Per le persone con una malattia, l’intelligenza artificiale non delinea asettici scenari di automatismi e disumanizzazione. Al contrario, può facilitare il recupero di una relazione più personalizzata con il proprio curante, può facilitare l’integrazione di biomedico e biografico.
#4 Il fake è in “noi” e non nelle tecnologie
“Una notizia falsa nasce sempre da rappresentazioni collettive che preesistono alla sua nascita…. La falsa notizia è lo specchio in cui «la coscienza collettiva» contempla le sue fattezze”. (Marc Bloch)
Per il 42% degli intervistati le fake news sono sempre esistite, oggi assumono una rilevanza maggiore per la velocità con cui riescono a diffondersi.

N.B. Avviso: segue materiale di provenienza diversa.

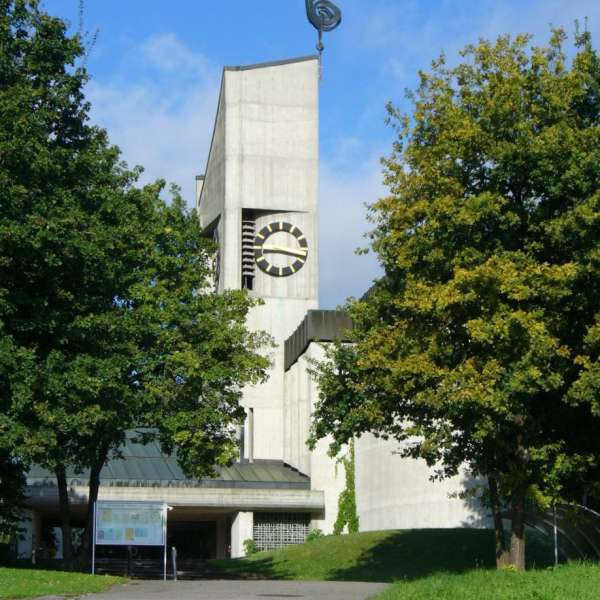 Kirche Urtenen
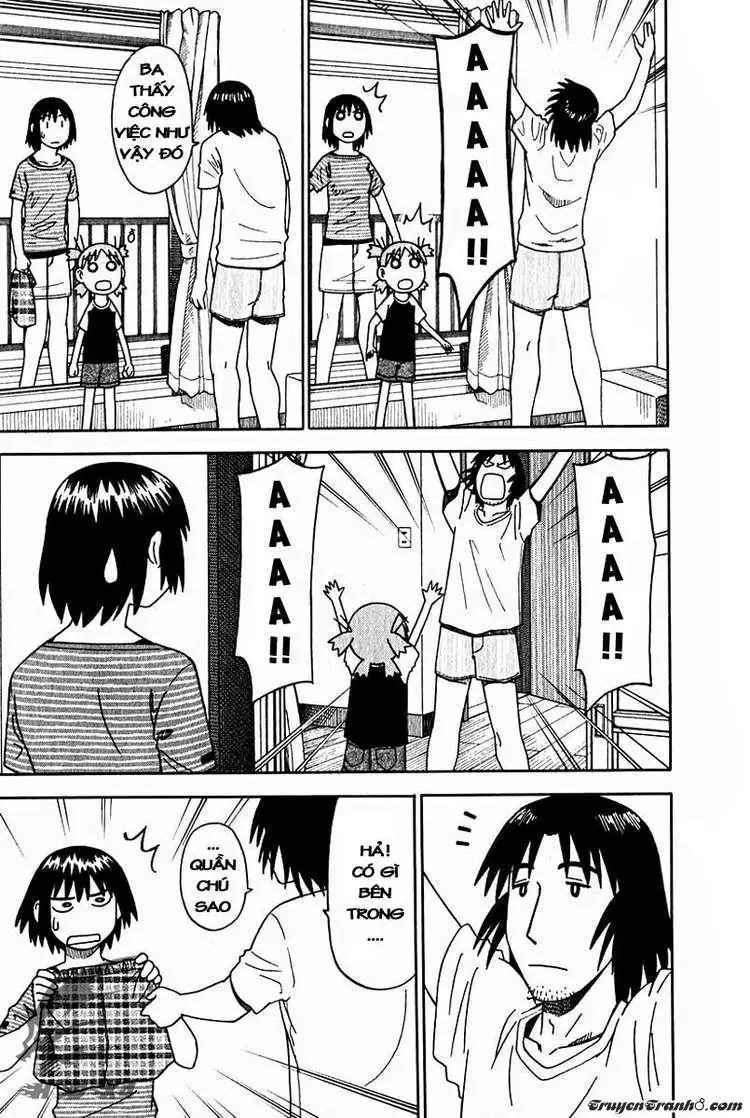Yotsubato! Nettruyen ZZZ Chương 7 Page 9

Tuttavia, per il 38% non sono le tecnologie ad essere responsabili ma gli utenti che hanno il potere di agire criticamente. Quando una notizia falsa appare significa che da qualche parte qualcosa non va: un bisogno non soddisfatto, una incapacità comunicativa, una negazione, una incomprensione.

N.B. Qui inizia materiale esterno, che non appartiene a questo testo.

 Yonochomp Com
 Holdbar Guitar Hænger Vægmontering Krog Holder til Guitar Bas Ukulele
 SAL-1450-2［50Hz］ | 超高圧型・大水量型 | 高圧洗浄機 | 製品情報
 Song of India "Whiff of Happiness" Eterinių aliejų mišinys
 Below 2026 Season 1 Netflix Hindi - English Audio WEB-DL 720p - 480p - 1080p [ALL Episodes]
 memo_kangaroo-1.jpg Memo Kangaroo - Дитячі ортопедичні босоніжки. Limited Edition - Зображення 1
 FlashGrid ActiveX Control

#5 Un entusiasmo critico per il nostro futuro tecnologico
“L’entusiasta è un infaticabile sognatore, un inventore di progetti, un creatore di strategie, che contagia gli altri con i suoi sogni. Non è cieco, non è incosciente. Sa che ci sono difficoltà, ostacoli talvolta insolubili… Cerca continuamente strade, sentieri alternativi. E’ un creatore di possibilità”. (Francesco Alberoni)

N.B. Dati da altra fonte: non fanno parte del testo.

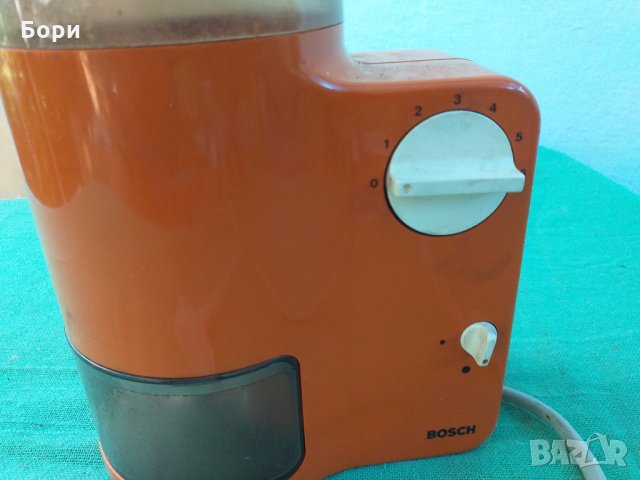 BOSCH Кафемелачка на степени , снимка 3 - Кафемашини - 29793730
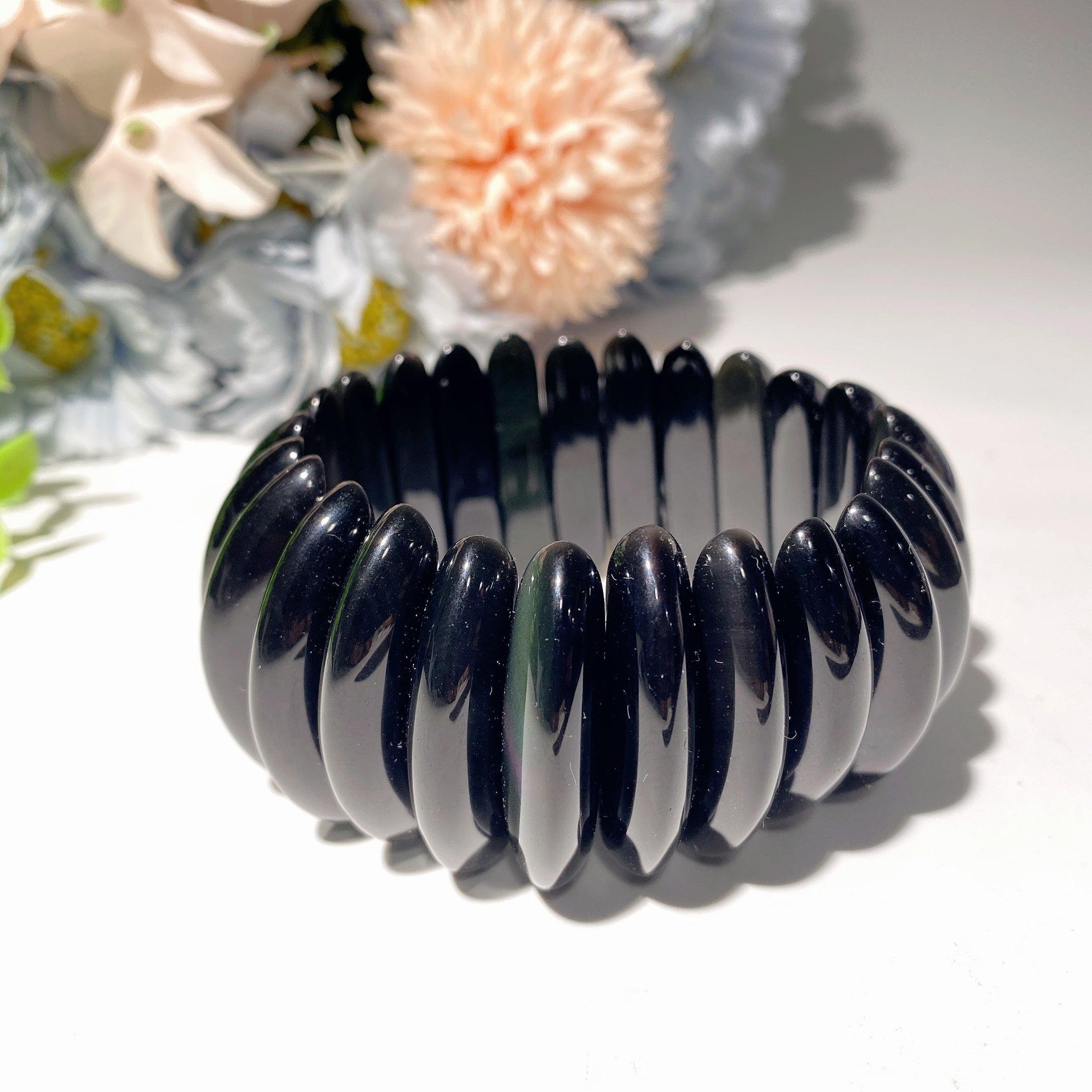 8-20mm Mixed Crystal Spiritual Bracelet for Healing Balance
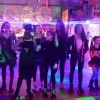Halloween Girls at Roller Disco Cornwall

Il 45% degli intervistati pensa ci sia bisogno di più educazione digitale e di una maggiore consapevolezza nell’utilizzo delle tecnologie digitali. Il 41% pensa che dovremmo focalizzarci sulle nuove opportunità che la tecnologia offre nel risolvere i problemi e migliorare la vita delle persone. Il riconoscimento del valore delle tecnologie contemporanee richiama subito l’importanza della creazione di un mindset e di strutture organizzative adatte ad usarle.
Queste cinque dimensioni sembrano aver implicitamente guidato anche la scelta dei vincitori che hanno tutti in comune la capacità di rendere più umane le relazioni di cura e il percorso con la malattia. Il primo classificato Brain Control consente di comunicare anche a chi è nella condizione di locked in, cioè impossibilitato ad usare qualsiasi funzione e strumento, incluse le palpebre. Al secondo posto, Bravo, una piattaforma dedicata ai pazienti affetti da ADHD e ai loro terapisti, che nasce dalla necessità di coinvolgere i bambini nel processo di cura limitando in questo modo l’atteggiamento oppositivo spesso dimostrato nei confronti della terapia classica. Grazie a un videogioco si cattura l’attenzione del bambino per vincere la diffidenza iniziale e creare un ambiente più̀ rilassato in grado di predisporre il paziente alla terapia. La terza classificata, PatchAI trasforma in realtà il coinvolgimento dei pazienti durante i trial clinici, utilizzando Intelligenza Artificiale e un assistente virtuale empatico costruito su IBM WatsonTM che interpreta i bisogni dei pazienti, implementa strategie personalizzate e raccoglie dati su sintomatologia, eventi avversi, aderenza alla terapia e qualità di vita. Infine l’idea vincitrice, Mission – MultISenSory Integrated system for patient cOmpliaNce improvement , consente al paziente oncologico di scegliere l’ambiente visivo e sonoro più appropriato alla sua situazione, con possibili ricadute positive sulla compliance.
Il PDHA19 mostra che oggi non mancano le tecnologie, mancano le organizzazioni e le persone capaci ad implementarle nel quotidiano e questo rischia di essere profondamente disumano.